EXERCISE GOAL: Without reproducing any image, print the listing below exactly.

───── INFORMATION PROVIDED ─────

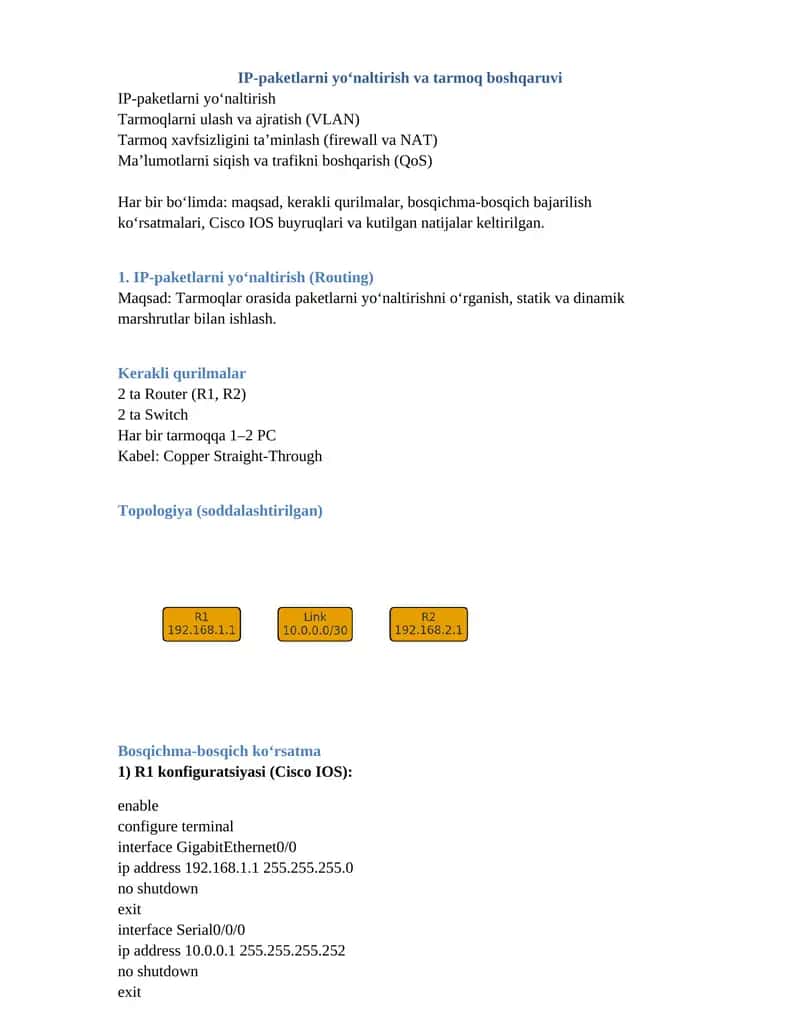 IP-paketlarni yo‘naltirish va tarmoq boshqaruvi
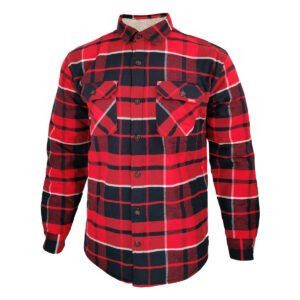 Dressa Vintage Overshirt vastag bélelt kockás férfi flanel favágó ing - piros_magnastore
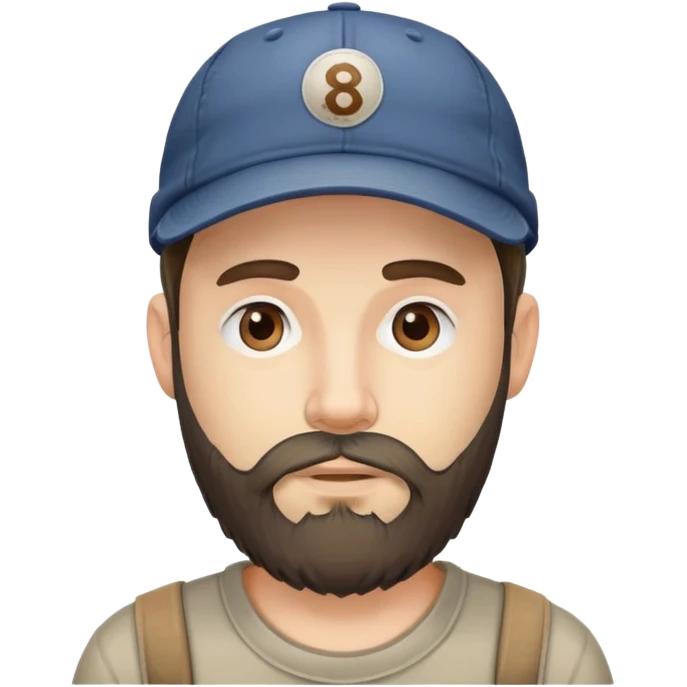 Man with beard and dirty ball cap  emoji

─────

RESPONSE TO THE TASK:
 IP-paketlarni yo‘naltirish va tarmoq boshqaruvi
 Dressa Vintage Overshirt vastag bélelt kockás férfi flanel favágó ing - piros_magnastore
 Man with beard and dirty ball cap  emoji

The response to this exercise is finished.